╭─ TASK INPUT
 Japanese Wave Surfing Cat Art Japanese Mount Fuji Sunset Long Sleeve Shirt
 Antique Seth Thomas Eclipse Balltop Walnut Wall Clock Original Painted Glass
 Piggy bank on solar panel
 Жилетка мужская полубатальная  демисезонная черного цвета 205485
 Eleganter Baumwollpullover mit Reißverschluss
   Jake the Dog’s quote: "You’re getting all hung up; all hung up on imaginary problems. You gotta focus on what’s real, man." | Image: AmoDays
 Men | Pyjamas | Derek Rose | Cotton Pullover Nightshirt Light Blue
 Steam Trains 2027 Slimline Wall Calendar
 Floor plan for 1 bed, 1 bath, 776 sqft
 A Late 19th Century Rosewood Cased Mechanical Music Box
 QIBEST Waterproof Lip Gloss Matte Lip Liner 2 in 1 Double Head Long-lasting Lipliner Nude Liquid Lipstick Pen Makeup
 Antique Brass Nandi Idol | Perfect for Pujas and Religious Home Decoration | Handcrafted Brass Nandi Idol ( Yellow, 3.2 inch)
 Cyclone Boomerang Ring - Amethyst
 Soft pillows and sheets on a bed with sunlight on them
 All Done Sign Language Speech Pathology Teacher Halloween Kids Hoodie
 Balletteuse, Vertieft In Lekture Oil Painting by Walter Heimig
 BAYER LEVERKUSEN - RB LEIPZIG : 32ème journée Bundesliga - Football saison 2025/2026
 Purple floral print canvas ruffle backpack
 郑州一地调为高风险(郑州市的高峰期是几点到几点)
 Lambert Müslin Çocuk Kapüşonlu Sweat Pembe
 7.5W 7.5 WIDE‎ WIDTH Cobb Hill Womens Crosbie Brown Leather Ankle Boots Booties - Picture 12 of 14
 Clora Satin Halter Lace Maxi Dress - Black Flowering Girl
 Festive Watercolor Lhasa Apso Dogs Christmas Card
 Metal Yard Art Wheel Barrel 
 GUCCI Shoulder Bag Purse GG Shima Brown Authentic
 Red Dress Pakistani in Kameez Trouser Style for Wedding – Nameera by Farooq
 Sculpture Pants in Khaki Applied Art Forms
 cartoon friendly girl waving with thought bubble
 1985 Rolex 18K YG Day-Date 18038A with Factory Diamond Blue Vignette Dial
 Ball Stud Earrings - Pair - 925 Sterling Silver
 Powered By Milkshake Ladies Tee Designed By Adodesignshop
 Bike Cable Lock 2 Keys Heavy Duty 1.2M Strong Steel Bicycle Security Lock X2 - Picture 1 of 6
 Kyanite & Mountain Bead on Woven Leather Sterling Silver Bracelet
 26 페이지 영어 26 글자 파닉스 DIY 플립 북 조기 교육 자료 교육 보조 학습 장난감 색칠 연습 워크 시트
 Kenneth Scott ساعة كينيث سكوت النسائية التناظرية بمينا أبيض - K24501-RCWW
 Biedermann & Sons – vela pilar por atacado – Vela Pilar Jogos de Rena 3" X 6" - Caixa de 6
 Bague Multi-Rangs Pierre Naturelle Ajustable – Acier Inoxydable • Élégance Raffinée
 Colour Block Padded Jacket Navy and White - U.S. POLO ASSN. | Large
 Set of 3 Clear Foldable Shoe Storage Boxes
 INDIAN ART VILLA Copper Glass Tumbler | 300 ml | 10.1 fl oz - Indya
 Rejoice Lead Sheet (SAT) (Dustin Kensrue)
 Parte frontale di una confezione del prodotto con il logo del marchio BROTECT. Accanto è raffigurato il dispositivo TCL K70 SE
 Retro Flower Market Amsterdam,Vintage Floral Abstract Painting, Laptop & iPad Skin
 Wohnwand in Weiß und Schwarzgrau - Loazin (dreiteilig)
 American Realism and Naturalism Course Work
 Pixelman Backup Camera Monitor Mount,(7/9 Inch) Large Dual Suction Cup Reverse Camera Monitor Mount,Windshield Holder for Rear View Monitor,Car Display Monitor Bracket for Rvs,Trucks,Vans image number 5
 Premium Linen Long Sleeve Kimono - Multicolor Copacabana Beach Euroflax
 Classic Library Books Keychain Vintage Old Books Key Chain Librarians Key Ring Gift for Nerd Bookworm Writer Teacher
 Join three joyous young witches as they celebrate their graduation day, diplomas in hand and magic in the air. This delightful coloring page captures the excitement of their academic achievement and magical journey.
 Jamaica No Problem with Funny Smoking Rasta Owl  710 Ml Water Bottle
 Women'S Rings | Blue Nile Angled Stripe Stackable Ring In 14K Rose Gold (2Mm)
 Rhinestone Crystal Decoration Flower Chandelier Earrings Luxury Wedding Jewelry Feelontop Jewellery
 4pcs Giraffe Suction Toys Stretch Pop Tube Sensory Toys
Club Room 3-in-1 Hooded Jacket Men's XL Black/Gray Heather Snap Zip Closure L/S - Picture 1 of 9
╰─
#### DIRECTIONS:
Precisely as given, transcribe all of the entries above.

#### SOLUTION FOR THIS TASK:
 Japanese Wave Surfing Cat Art Japanese Mount Fuji Sunset Long Sleeve Shirt
 Antique Seth Thomas Eclipse Balltop Walnut Wall Clock Original Painted Glass
 Piggy bank on solar panel
 Жилетка мужская полубатальная  демисезонная черного цвета 205485
 Eleganter Baumwollpullover mit Reißverschluss
   Jake the Dog’s quote: "You’re getting all hung up; all hung up on imaginary problems. You gotta focus on what’s real, man." | Image: AmoDays
 Men | Pyjamas | Derek Rose | Cotton Pullover Nightshirt Light Blue
 Steam Trains 2027 Slimline Wall Calendar
 Floor plan for 1 bed, 1 bath, 776 sqft
 A Late 19th Century Rosewood Cased Mechanical Music Box
 QIBEST Waterproof Lip Gloss Matte Lip Liner 2 in 1 Double Head Long-lasting Lipliner Nude Liquid Lipstick Pen Makeup
 Antique Brass Nandi Idol | Perfect for Pujas and Religious Home Decoration | Handcrafted Brass Nandi Idol ( Yellow, 3.2 inch)
 Cyclone Boomerang Ring - Amethyst
 Soft pillows and sheets on a bed with sunlight on them
 All Done Sign Language Speech Pathology Teacher Halloween Kids Hoodie
 Balletteuse, Vertieft In Lekture Oil Painting by Walter Heimig
 BAYER LEVERKUSEN - RB LEIPZIG : 32ème journée Bundesliga - Football saison 2025/2026
 Purple floral print canvas ruffle backpack
 郑州一地调为高风险(郑州市的高峰期是几点到几点)
 Lambert Müslin Çocuk Kapüşonlu Sweat Pembe
 7.5W 7.5 WIDE‎ WIDTH Cobb Hill Womens Crosbie Brown Leather Ankle Boots Booties - Picture 12 of 14
 Clora Satin Halter Lace Maxi Dress - Black Flowering Girl
 Festive Watercolor Lhasa Apso Dogs Christmas Card
 Metal Yard Art Wheel Barrel 
 GUCCI Shoulder Bag Purse GG Shima Brown Authentic
 Red Dress Pakistani in Kameez Trouser Style for Wedding – Nameera by Farooq
 Sculpture Pants in Khaki Applied Art Forms
 cartoon friendly girl waving with thought bubble
 1985 Rolex 18K YG Day-Date 18038A with Factory Diamond Blue Vignette Dial
 Ball Stud Earrings - Pair - 925 Sterling Silver
 Powered By Milkshake Ladies Tee Designed By Adodesignshop
 Bike Cable Lock 2 Keys Heavy Duty 1.2M Strong Steel Bicycle Security Lock X2 - Picture 1 of 6
 Kyanite & Mountain Bead on Woven Leather Sterling Silver Bracelet
 26 페이지 영어 26 글자 파닉스 DIY 플립 북 조기 교육 자료 교육 보조 학습 장난감 색칠 연습 워크 시트
 Kenneth Scott ساعة كينيث سكوت النسائية التناظرية بمينا أبيض - K24501-RCWW
 Biedermann & Sons – vela pilar por atacado – Vela Pilar Jogos de Rena 3" X 6" - Caixa de 6
 Bague Multi-Rangs Pierre Naturelle Ajustable – Acier Inoxydable • Élégance Raffinée
 Colour Block Padded Jacket Navy and White - U.S. POLO ASSN. | Large
 Set of 3 Clear Foldable Shoe Storage Boxes
 INDIAN ART VILLA Copper Glass Tumbler | 300 ml | 10.1 fl oz - Indya
 Rejoice Lead Sheet (SAT) (Dustin Kensrue)
 Parte frontale di una confezione del prodotto con il logo del marchio BROTECT. Accanto è raffigurato il dispositivo TCL K70 SE
 Retro Flower Market Amsterdam,Vintage Floral Abstract Painting, Laptop & iPad Skin
 Wohnwand in Weiß und Schwarzgrau - Loazin (dreiteilig)
 American Realism and Naturalism Course Work
 Pixelman Backup Camera Monitor Mount,(7/9 Inch) Large Dual Suction Cup Reverse Camera Monitor Mount,Windshield Holder for Rear View Monitor,Car Display Monitor Bracket for Rvs,Trucks,Vans image number 5
 Premium Linen Long Sleeve Kimono - Multicolor Copacabana Beach Euroflax
 Classic Library Books Keychain Vintage Old Books Key Chain Librarians Key Ring Gift for Nerd Bookworm Writer Teacher
 Join three joyous young witches as they celebrate their graduation day, diplomas in hand and magic in the air. This delightful coloring page captures the excitement of their academic achievement and magical journey.
 Jamaica No Problem with Funny Smoking Rasta Owl  710 Ml Water Bottle
 Women'S Rings | Blue Nile Angled Stripe Stackable Ring In 14K Rose Gold (2Mm)
 Rhinestone Crystal Decoration Flower Chandelier Earrings Luxury Wedding Jewelry Feelontop Jewellery
 4pcs Giraffe Suction Toys Stretch Pop Tube Sensory Toys
Club Room 3-in-1 Hooded Jacket Men's XL Black/Gray Heather Snap Zip Closure L/S - Picture 1 of 9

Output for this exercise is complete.